Meta: Militer AS Luncurkan Operasi Psikologis Di Media Sosial

meta

Meta, yang memiliki Facebook, Instagram dan WhatsApp, telah mengakui penemuan beberapa kelompok akun dan halaman palsu yang diyakini terkait dengan individu yang terkait dengan militer AS.

“Meskipun orang-orang di balik operasi ini berusaha menyembunyikan identitas dan koordinasi mereka, penyelidikan kami menemukan kaitan dengan individu yang terkait dengan militer AS,” kata perusahaan itu dalam posting blog pada hari Selasa (22/11), RT melaporkan.

Meta mengungkapkan bahwa ruang lingkup operasi psikologis militer AS di media sosial melampaui beberapa lusin akun palsu yang telah diidentifikasi di platformnya dan termasuk banyak platform internet lainnya, seperti Twitter, YouTube dan Telegram, media berbahasa Persia yang dibuat-buat, situs yang membagikan konten yang diposting ulang dari Voice of America Farsi dan Radio Free Europe yang didanai Washington, serta jejaring sosial utama Rusia VKontakte dan Odnoklassniki.

Meta telah mengungkapkan sebelumnya bahwa mereka telah mengidentifikasi Amerika Serikat sebagai “negara asal” dari akun palsu dan halaman di balik kampanye tersebut.

Laporan tersebut mengungkapkan bahwa militer AS menggunakan akun palsu untuk mendorong propaganda pro-AS; namun, Meta awalnya tampaknya berusaha untuk mengecilkan pemberitahuan tersebut.

Meta akhirnya mengakui kebenaran masalah tersebut setelah The Washington Post pada bulan September menerbitkan laporan mengejutkan yang mengungkapkan bahwa Pentagon terpaksa meluncurkan “audit menyeluruh tentang bagaimana ia melakukan perang informasi rahasia,” setelah berbagai akun media sosial, yang digunakan oleh operasinya untuk menargetkan audiens asing dalam upaya perang psikologis yang rumit, terungkap.

Menurut laporan Post, bahkan Gedung Putih dan beberapa agen federal telah menyatakan keprihatinannya atas percobaan manipulasi audiensi Departemen Pertahanan di luar negeri melalui Operasi Dukungan Informasi Militer atau MISO, julukan Pentagon untuk operasi psikologis. Komando Pusat militer AS termasuk di antara mereka yang aktivitasnya menghadapi pengawasan.

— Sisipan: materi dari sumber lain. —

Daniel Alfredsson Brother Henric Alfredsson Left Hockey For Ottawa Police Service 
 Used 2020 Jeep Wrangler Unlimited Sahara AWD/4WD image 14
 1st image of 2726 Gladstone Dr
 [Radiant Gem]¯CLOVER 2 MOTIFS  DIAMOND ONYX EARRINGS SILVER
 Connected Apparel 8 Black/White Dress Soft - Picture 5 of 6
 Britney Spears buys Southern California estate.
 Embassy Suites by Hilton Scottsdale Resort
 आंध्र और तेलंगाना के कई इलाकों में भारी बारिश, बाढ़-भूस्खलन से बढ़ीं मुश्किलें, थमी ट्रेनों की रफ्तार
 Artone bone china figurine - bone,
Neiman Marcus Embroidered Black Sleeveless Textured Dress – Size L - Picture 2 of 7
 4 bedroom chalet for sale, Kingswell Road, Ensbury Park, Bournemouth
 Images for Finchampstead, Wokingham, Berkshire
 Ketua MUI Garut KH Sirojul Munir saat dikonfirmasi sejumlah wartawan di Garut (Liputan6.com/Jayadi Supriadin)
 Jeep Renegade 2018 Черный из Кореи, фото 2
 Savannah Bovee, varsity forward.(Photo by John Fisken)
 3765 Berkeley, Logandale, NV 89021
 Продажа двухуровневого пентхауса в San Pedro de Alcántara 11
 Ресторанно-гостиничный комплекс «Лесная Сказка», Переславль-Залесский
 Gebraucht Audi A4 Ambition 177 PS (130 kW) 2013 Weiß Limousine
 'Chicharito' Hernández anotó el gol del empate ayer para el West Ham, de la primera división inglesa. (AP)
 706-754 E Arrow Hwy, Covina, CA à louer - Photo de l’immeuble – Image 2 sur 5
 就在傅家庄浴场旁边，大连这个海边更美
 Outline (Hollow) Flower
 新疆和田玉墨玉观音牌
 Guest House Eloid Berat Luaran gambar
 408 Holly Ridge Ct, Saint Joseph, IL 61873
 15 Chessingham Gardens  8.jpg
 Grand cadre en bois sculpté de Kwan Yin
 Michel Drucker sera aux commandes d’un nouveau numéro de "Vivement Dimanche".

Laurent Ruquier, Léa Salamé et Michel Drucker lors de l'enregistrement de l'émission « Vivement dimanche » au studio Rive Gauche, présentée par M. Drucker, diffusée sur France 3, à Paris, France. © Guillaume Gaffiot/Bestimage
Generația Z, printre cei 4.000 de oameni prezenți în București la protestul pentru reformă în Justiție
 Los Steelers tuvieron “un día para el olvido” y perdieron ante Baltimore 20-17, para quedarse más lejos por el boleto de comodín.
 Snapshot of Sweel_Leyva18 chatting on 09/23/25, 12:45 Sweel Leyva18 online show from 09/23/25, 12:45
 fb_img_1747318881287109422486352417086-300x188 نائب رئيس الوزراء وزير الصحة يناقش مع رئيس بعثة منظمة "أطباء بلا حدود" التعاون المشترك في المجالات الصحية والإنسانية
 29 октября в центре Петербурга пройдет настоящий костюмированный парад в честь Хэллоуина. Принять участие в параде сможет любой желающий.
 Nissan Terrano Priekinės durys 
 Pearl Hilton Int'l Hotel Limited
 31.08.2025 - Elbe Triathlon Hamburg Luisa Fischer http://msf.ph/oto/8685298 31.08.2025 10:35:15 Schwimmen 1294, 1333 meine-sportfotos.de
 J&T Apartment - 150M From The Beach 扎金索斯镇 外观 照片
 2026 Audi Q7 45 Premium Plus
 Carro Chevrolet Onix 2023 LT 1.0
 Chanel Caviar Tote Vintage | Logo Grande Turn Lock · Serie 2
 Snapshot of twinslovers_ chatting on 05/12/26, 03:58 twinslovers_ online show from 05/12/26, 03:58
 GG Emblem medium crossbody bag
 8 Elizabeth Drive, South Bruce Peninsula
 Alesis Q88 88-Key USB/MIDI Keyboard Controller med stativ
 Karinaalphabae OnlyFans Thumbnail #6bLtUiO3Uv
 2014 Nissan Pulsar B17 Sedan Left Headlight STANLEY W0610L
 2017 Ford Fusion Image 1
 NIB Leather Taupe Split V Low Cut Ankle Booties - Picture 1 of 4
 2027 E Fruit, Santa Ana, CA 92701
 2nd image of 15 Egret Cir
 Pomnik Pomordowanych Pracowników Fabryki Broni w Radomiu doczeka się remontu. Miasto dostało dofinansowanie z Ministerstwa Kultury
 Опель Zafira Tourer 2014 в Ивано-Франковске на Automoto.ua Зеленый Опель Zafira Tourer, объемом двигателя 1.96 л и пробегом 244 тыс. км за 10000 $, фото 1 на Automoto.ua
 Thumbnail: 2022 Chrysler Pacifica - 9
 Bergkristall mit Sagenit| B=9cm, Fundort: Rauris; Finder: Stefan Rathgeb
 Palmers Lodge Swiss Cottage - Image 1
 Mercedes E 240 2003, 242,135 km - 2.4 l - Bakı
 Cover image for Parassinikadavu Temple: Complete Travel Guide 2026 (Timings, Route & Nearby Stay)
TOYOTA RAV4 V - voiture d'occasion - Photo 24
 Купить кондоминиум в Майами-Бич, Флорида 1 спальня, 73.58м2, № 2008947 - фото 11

Sambil mempromosikan narasi pro-AS, kampanye disinformasi militer AS juga menargetkan Iran, Rusia dan China di platform media sosial, ungkap laporan Post tentang penelitian dalam hal ini yang dilakukan oleh Stanford Internet Observatory dan Graphika.

Menurut penelitian, operasi psikologis rahasia militer AS berlangsung selama hampir lima tahun dan menggunakan “taktik penipuan” untuk membentuk opini publik di Timur Tengah dan Asia Tengah.

Akun-akun yang digunakan dalam operasi tersebut sering menyamar sebagai outlet berita atau menyamar sebagai orang-orang yang tidak ada, memposting konten setidaknya dalam tujuh bahasa, termasuk Farsi, Rusia, Arab dan Urdu.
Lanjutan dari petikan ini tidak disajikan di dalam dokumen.